Le vin prend ici une place qui dépasse la carte posée sur la table. Il sert à donner une voix à la salle, au moment où le plat arrive et où vous cherchez un accord qui ne sonne pas convenu.
Vingt-cinq ans en salle, puis un regard neuf sur le vin
Avant cette adresse, Antoine Guichard a passé vingt-cinq ans en salle. Son parcours comprend l’Hôtel Martinez à Cannes, l’Hôtel du Palais à Biarritz et Les Airelles à Courchevel.
Il est aussi passé par La Villa à Calvi, l’Hôtel Dorchester à Londres, Ledoyen, le George-V, Taillevent et L’Oiseau blanc, au sein de l’Hôtel Peninsula. Cette suite de maisons raconte une expérience de salle très construite, mais elle ne dit pas encore la place du vin.
Le restaurateur le reconnaît sans détour : « On n’était pas préparés. » Pour vous, cette phrase éclaire une limite souvent invisible : savoir recevoir ne suffit pas toujours à faire vivre une bouteille à table.
Le vin ne se résume pas à une sélection
Antoine Guichard explique qu’il ne pensait pas au vin durant son parcours dans ces établissements. Le constat est franc, car les maisons citées ne l’avaient pas conduit à placer cette question au centre de son métier.
Un restaurant gagne pourtant du caractère lorsque le vin entre dans la conversation de salle. Vous ne commandez plus seulement un plat et une bouteille : vous faites face à un choix qui peut accompagner le repas sans lui voler sa place.
La carte ne peut donc pas être un décor. Si elle reste coupée de la cuisine et du service, elle ajoute des références ; elle ne construit pas une manière de recevoir.
Manon Negretti en cuisine, son époux en salle
Le partage des rôles donne une ligne claire à l’établissement : Manon Negretti est en cuisine, son époux est en salle. Vous savez ainsi où se forme le dialogue entre ce qui arrive dans l’assiette et ce qui est proposé à boire.

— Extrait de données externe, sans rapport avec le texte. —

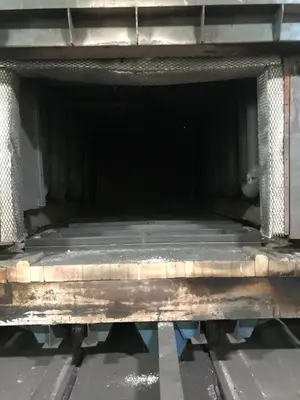 Item# T425 Car Bottom Furnace/Exo Atmosphere/1450F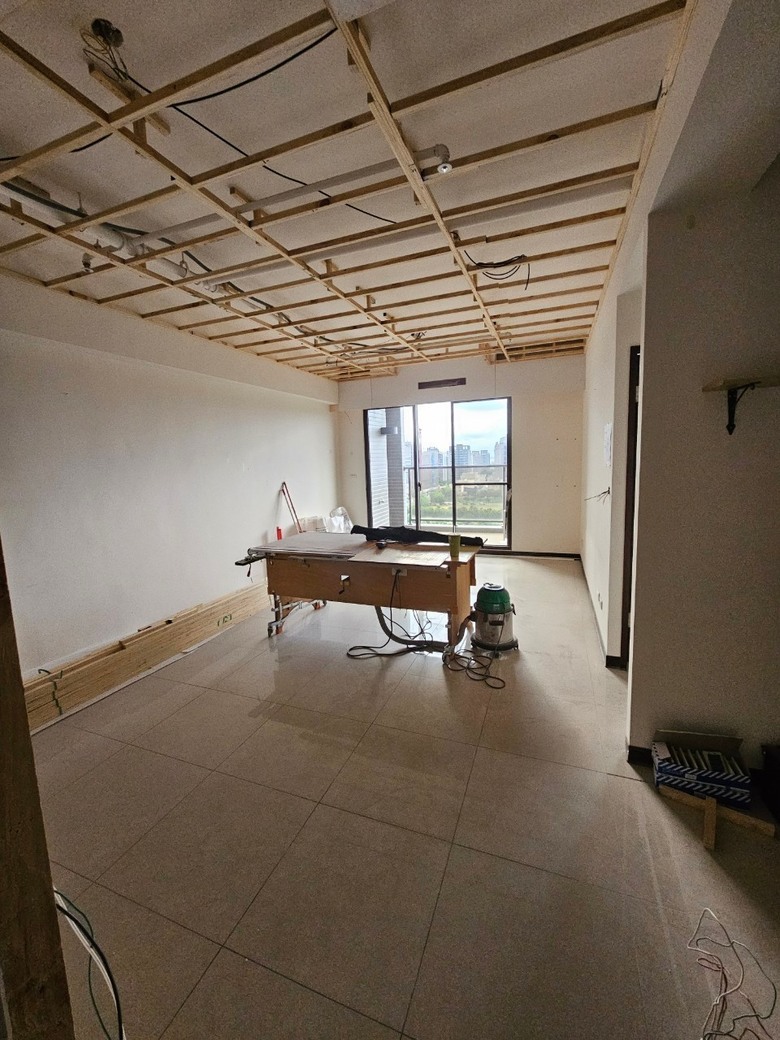 【開箱】台中 四房兩廳 用Egger板材打造海量系統家具收納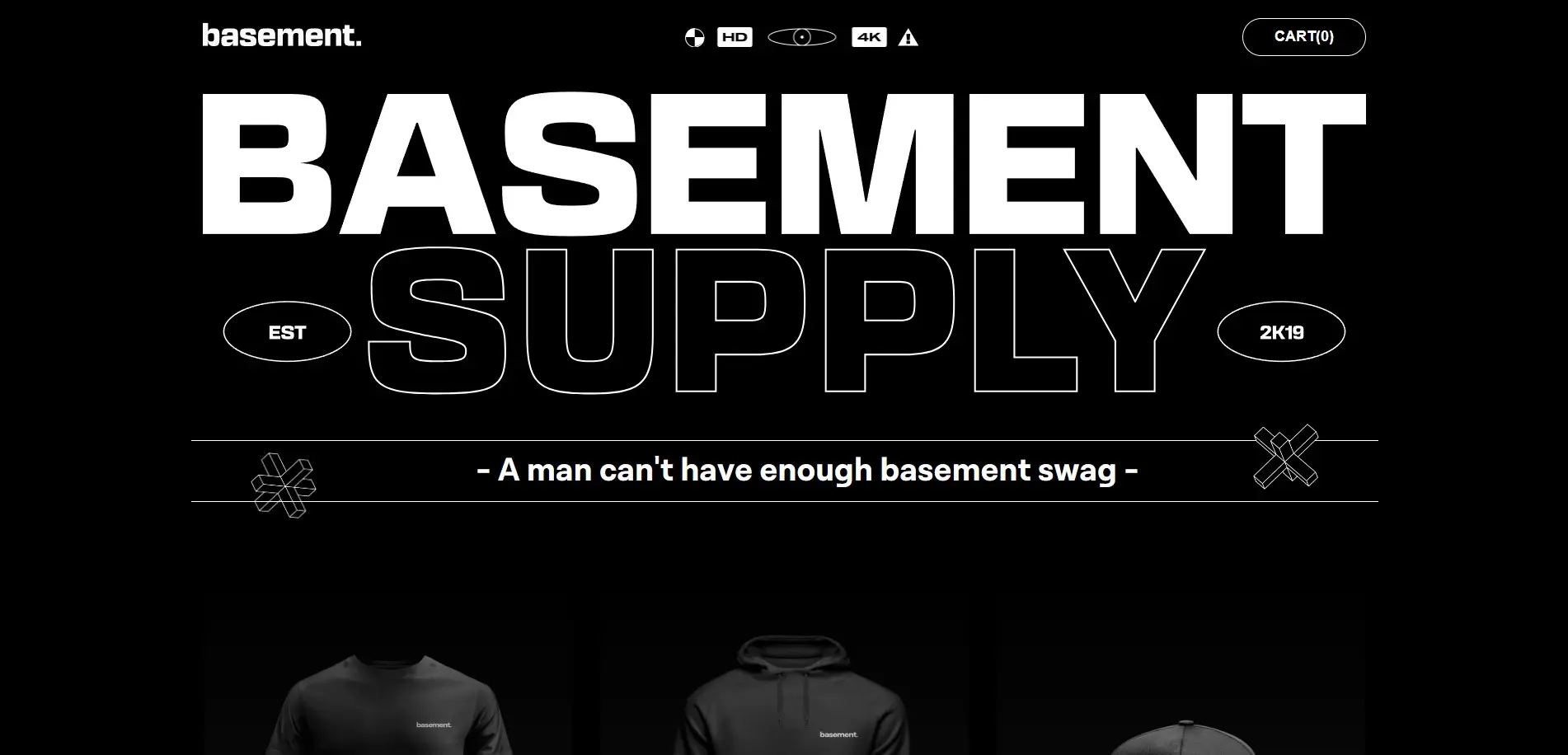 Challenge de Basement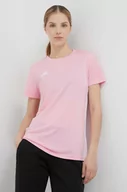 Koszulki sportowe damskie - adidas Performance t-shirt treningowy Tabela 23 kolor różowy - miniaturka - grafika 1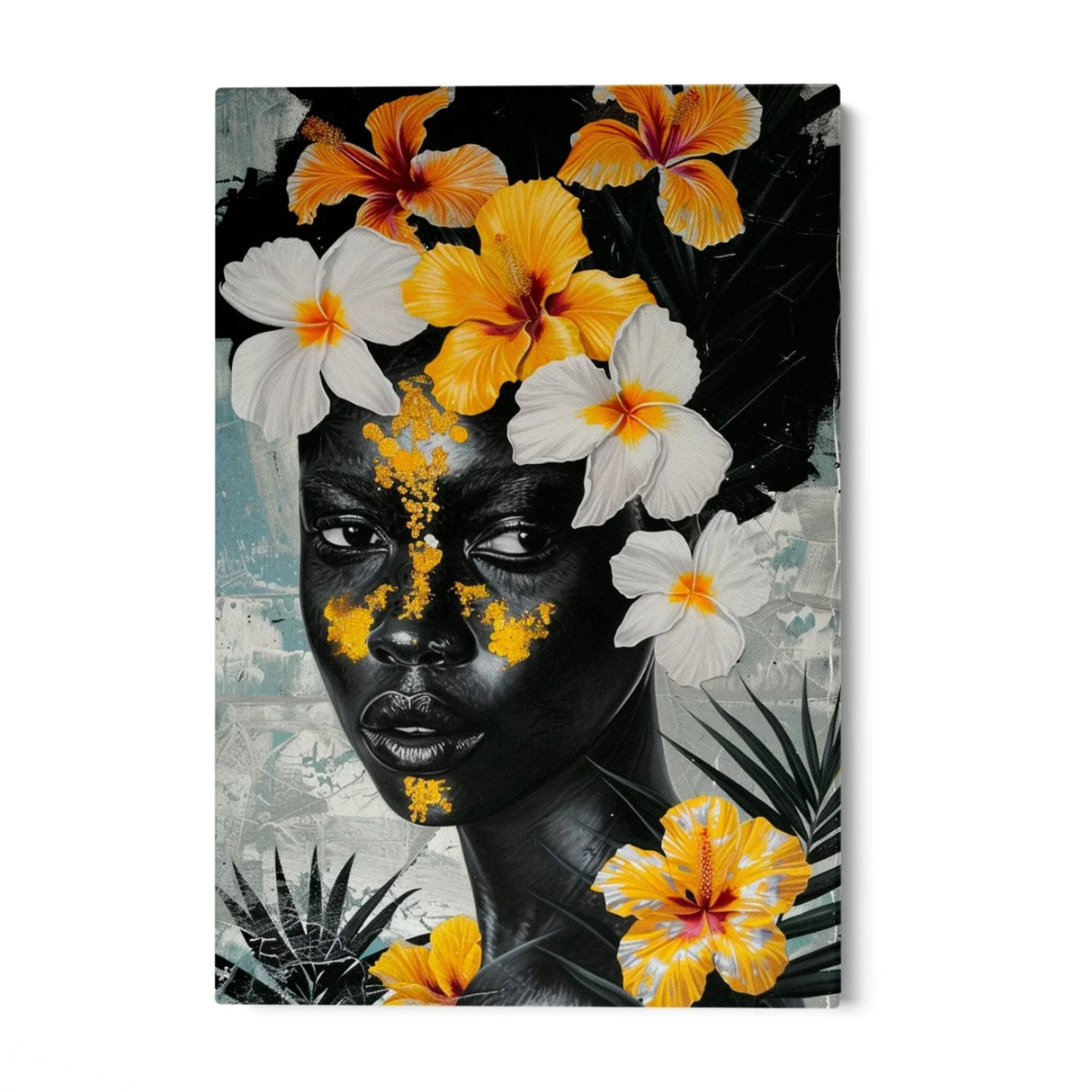 Quadro Stampa su Tela Essenza di Terra - CupidoDesign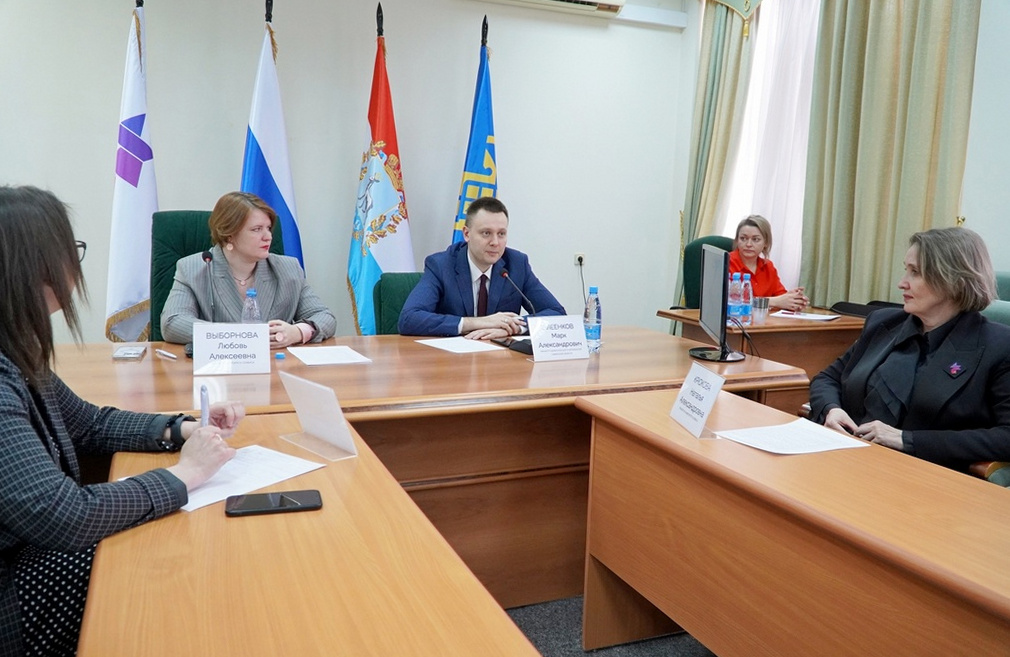 Марк Шлеенков: «У Университета сервиса хорошее будущее»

Cette organisation ne garantit pas un accord parfait, et ce serait une promesse creuse. Mais elle permet au vin d’être pensé au même endroit que le repas, au lieu d’être relégué après les choix de cuisine.
Le caractère d’une table se joue souvent dans cette continuité. La salle ne doit pas réciter une carte ; elle doit donner au client des repères simples, au bon moment.
Pourquoi cette place du vin compte-t-elle pour le client ?
Parce que le repas devient plus lisible lorsque la cuisine et la salle parlent du même geste. Vous n’avez pas besoin d’un discours compliqué : une proposition juste vaut mieux qu’une accumulation de noms ou de détails techniques.
Le parcours du dirigeant donne du poids à cette idée. Après tant d’années en salle, il ne présente pas le vin comme un supplément de prestige, mais comme une part du travail qui demande sa propre attention.
Un « trou noir » dans la formation des jeunes chefs
Antoine Guichard formule une critique nette : « Et je pense que le vin reste un trou noir aujourd’hui dans la formation des jeunes chefs. » Il parle de son expérience.
Le jugement tient debout : si le vin n’est pas travaillé pendant l’apprentissage, il risque d’être traité plus tard comme une affaire séparée. Vous perdez alors une partie de la cohérence attendue au restaurant.
À Bonnotte, le sujet n’est donc pas de faire du vin un spectacle. Il s’agit de lui rendre sa fonction à table : prolonger la cuisine, guider la salle et laisser au client le plaisir d’un repas qui se tient jusqu’au dernier verre.